This “Entremés” introduces us to a poor peasant, Bartolo, who from “reading the ballads so much” goes crazy, as Don Quijote did from reading the books of chivalry. Bartolo insists on ridiculously imitating the knights in the ballads. His ravings bear the most striking resemblance to those of Don Quijote during his first adventure, that of the Toledan merchants. Having become a soldier in his madness, Bartolo believes himself to be the Almoradí or the Tarfe of the Morisco ballads, and he attempts to defend a shepherdess who is being harassed by her shepherd boyfriend. But the latter takes Bartolo’s lance and mauls him with it, leaving him flattened on the ground. In like manner, Don Quijote is beaten with his own lance by one of the merchant’s muleteers. Unable to get up, Bartolo consoles himself by thinking that not he but rather his horse was to blame for his misfortune. Don Quijote says the same thing, without being able to raise himself from the ground: “It is not through my fault that I lie here, but through that of my horse.” Resemblances increase when Bartolo, recalling the well-known “Ballad of the Marqués de Mantua,” now believes himself to be the enamored Valdovinos, who lies wounded in the deserted woods and exclaims: “Where art thou, my lovely lady/Feel’st thou not my cruel pain?” Don Quijote likewise believes himself to be Valdovinos, and he bursts forth reciting these same verses. Meanwhile, members of Bartolo’s family arrive, and he now thinks that it is the Marqués himself arriving; thus he greets them with more verses from the ballad: “O noble Marquis of Mantua/My uncle and carnal lord!” These are verses that Don Quijote also repeats when a peasant from his own town approaches him.

The “Entremés” goes on stringing together parts of the ballad, first in the mouth of Bartolo, then in those of the other characters who, humoring the madman, give themselves over to a foolish parody concerning the very famous history of the Marqués de Mantua. As would have been expected, Cervantes rejected such a grotesque parody, and he reduced it to a short narrative in which he says that Don Quijote only replied to all of his neighbor’s questions with verses from this ballad, recounting Valdovinos’s misfortunes as his own. In this short sequence, early in his novel, Cervantes allows himself to be swayed by the parodic system of the “Entremés.” He recalls that the Marqués, on approaching the wounded knight,

From his head and face his helmet
And his beaver first he drew;
Then with gore beheld him cover’d,
All of one ensanguin’d hue.
With his handkerchief he wipes him;
When his face from blood was clean,
Then, alas! too true the story,
Then too plain the truth was seen.

Cervantes tells us that, upon approaching Don Quijote, the peasant, “taking off the visor of his helmet…  wiped off the dust that covered his face, and presently recognized the gentleman and said to him…” Created by Cervantes without any burlesque intent, this parody is a significant vestige of his unconscious imitation of the ballads, as suggested by the “Entremés.”

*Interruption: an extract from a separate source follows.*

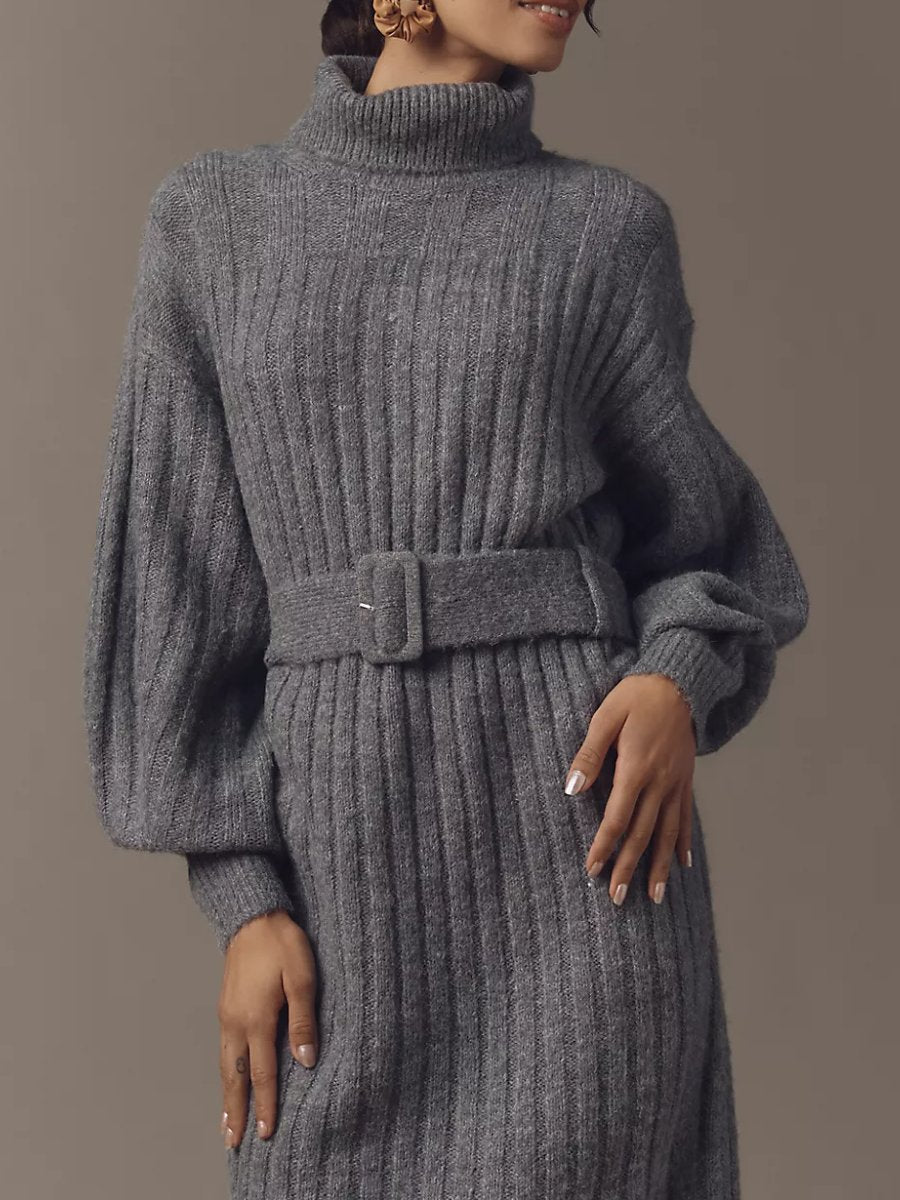 Trendy Turtleneck Belted Long-Sleeve Sweater Midi Dress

Bartolo and Don Quijote are carried away in the same fashion to their respective villages, and while on the road the madness of both takes a violent leap from the ballad of the Marqués de Mantua to those on Morisco themes. Bartolo now imagines that he is the mayor of Baza, who laments with his friend Abencerraje the unfaithfulness of his beloved Zaida, and Don Quijote fancies that he is Abencerraje’s captive, who tells the mayor of Antequera about his loves. Both madmen finally reach their homes, and once in bed, they fall asleep. But in a short time both are back to alarming their concerned relatives, disturbing them with new follies: Bartolo ranting about the burning of Troy and Don Quijote about the tournaments of the twelve peers.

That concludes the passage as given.